Monday, April 28, 2008

Tribune: All the News that Makes Us Richer

On page 5 of the Tempo section in today's Tribune we find a charming feature about some people who built a one-third-size replica of Wrigley Field in Freeport, IL. But we don't know anything about those people except for one name — Denny Garkey — and the word "organizers." And the story doesn't tell us anything about the community that hosts the field. Instead of emphasizing the people who built this field or the community in which they built it, the Tribune predictably emphasizes itself. That is to say, it emphasizes its own assets, without disclosing that they are assets, and at a time, we note, when those assets are for sale.

The first paragraph, ostensibly describing the mini-field, mentions the Cubs, Wrigley Field, the "Friendly Confines," the green scoreboard, the red marquee sign, and the WGN press box. Need we remind you that Tribune owns WGN?

The second paragraph mentions a person, Dutchie Caray, whom it describes as "the widow of famed Cubs announcer Harry Caray." If the Tribune didn't constantly promote its selective memory of Harry's biography, he might be more appropriately described as the larger Chicago area actually remembers him: "famed White Sox and Cubs announcer Harry Caray."

The third paragraph mentions those anonymous "organizers" of the new field in the course of getting to another mention of Tribune-owned Wrigley Field.
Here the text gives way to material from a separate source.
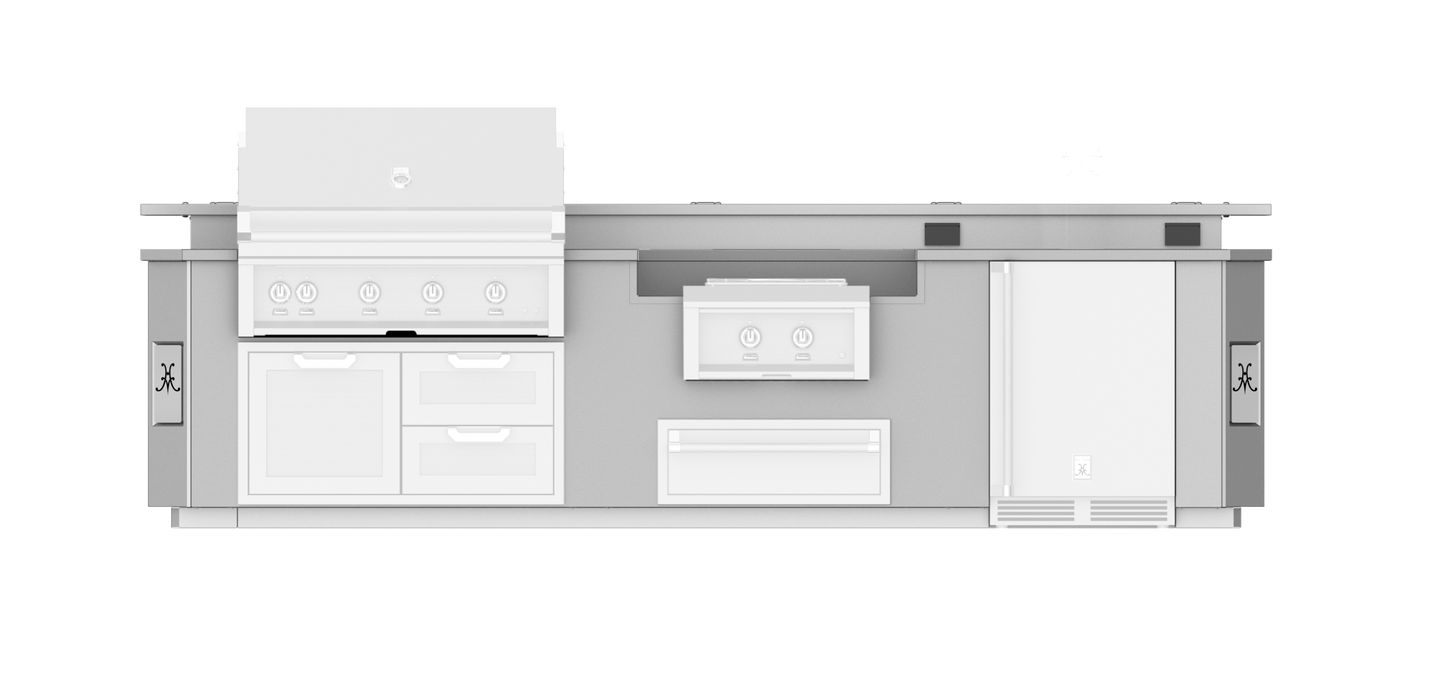 Hestan 12"Foot, With Grill, Outdoor Living Suite with Power Burner and Bar (SS Countertop) - GESSBP12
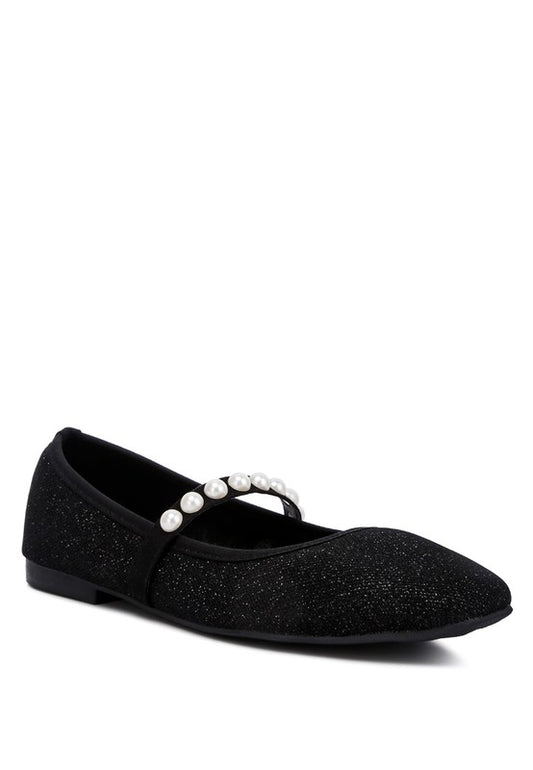 London Rag - Sassie Pearl Embellished Ballerina Flats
Did we mention it's for sale?

And then, best of all, the final paragraph is devoted to the billy goat curse, the Tribune's favorite strategy, for the last quarter century, to attract fans to a losing team. The lovable losers, cursed by a goat.

The story hardly manages to be about its topic — the miniature field — at all, and never gets around to asking the "organizers" why they built it, how they raised the money, how the community has reacted, etc.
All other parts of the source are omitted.